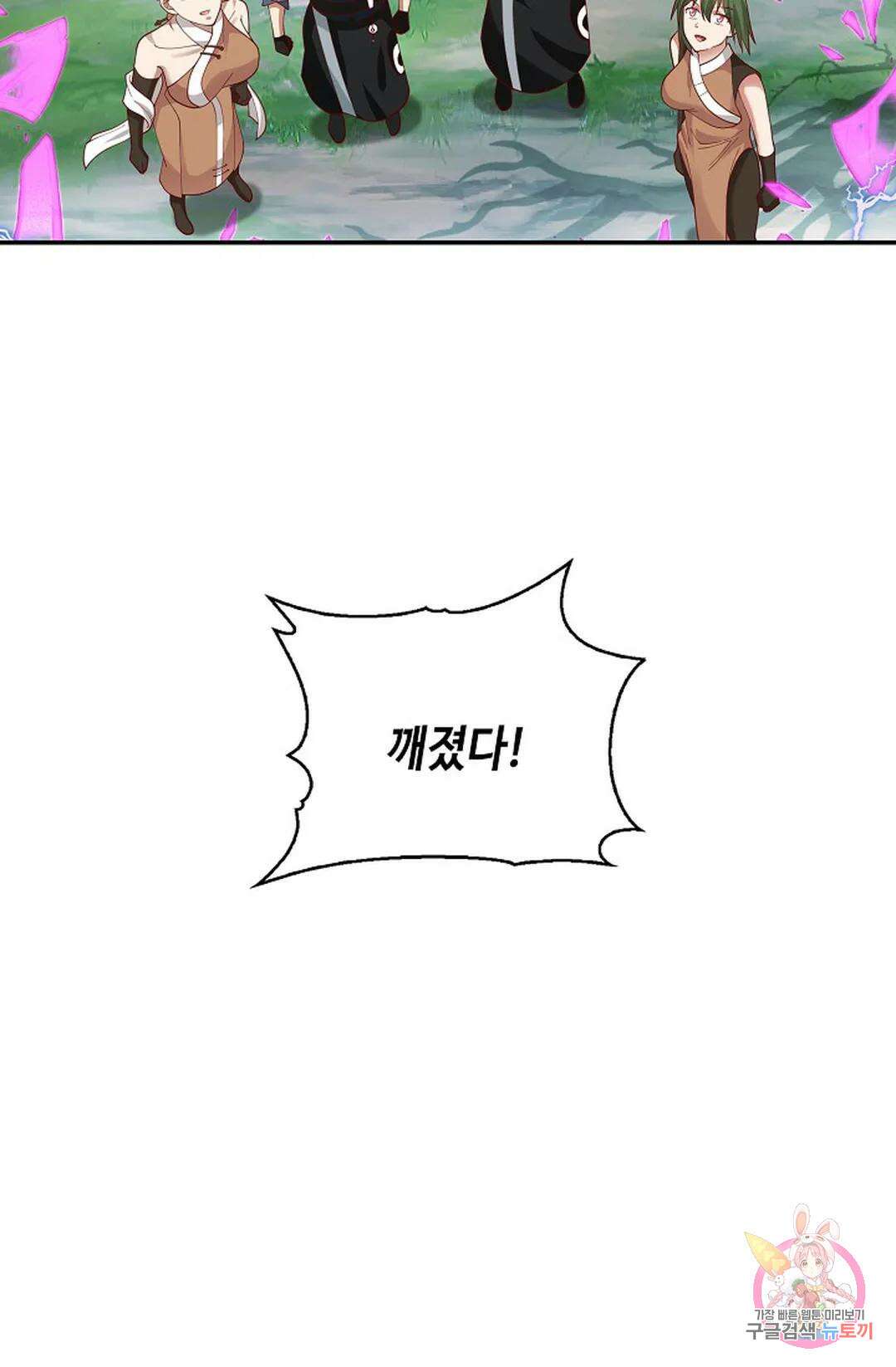 무련전봉 953화 66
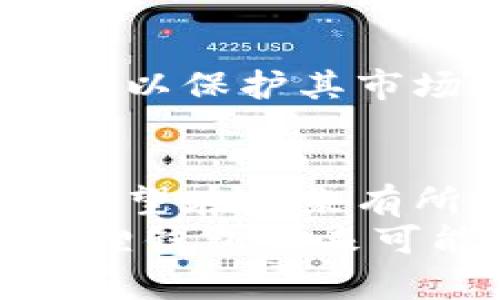   小狐狸钱包为何未推出手机端？探索背后的原因与未来展望 / 
 guanjianci 小狐狸钱包, 手机端, 加密货币, 区块链 /guanjianci 

引言：小狐狸钱包的崛起
在近年来，加密货币的狂潮席卷而来，许多用户开始寻找安全、便利的钱包来储存自己的数字资产。小狐狸钱包作为一种深受欢迎的加密货币钱包，以其独特的用户体验和强大的功能逐渐崭露头角。然而，却有不少用户对小狐狸钱包未推出手机端这一现象感到困惑。在这篇文章中，我们将深入探讨小狐狸钱包为何没有手机端，并对未来的发展提出展望。

小狐狸钱包的特点
小狐狸钱包以其安全性和用户友好的界面著称。用户可以轻松地管理各种不同的加密货币资产，同时享受到迅速的交易体验。它的浏览器扩展功能让用户能够在不离开网页的情况下进行加密交易，极大地方便了投资者。同时，小狐狸钱包的开源性也吸引了一大批技术爱好者及开发者加入，推动了其功能的持续完善。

===============

Directions for this task
Repeat each line of the records exactly, dropping the pictures.

Solution for this exercise
 무련전봉 953화 66
   小狐狸钱包为何未推出手机端？探索背后的原因与未来展望 / 
 guanjianci 小狐狸钱包, 手机端, 加密货币, 区块链 /guanjianci 

引言：小狐狸钱包的崛起
在近年来，加密货币的狂潮席卷而来，许多用户开始寻找安全、便利的钱包来储存自己的数字资产。小狐狸钱包作为一种深受欢迎的加密货币钱包，以其独特的用户体验和强大的功能逐渐崭露头角。然而，却有不少用户对小狐狸钱包未推出手机端这一现象感到困惑。在这篇文章中，我们将深入探讨小狐狸钱包为何没有手机端，并对未来的发展提出展望。

小狐狸钱包的特点
小狐狸钱包以其安全性和用户友好的界面著称。用户可以轻松地管理各种不同的加密货币资产，同时享受到迅速的交易体验。它的浏览器扩展功能让用户能够在不离开网页的情况下进行加密交易，极大地方便了投资者。同时，小狐狸钱包的开源性也吸引了一大批技术爱好者及开发者加入，推动了其功能的持续完善。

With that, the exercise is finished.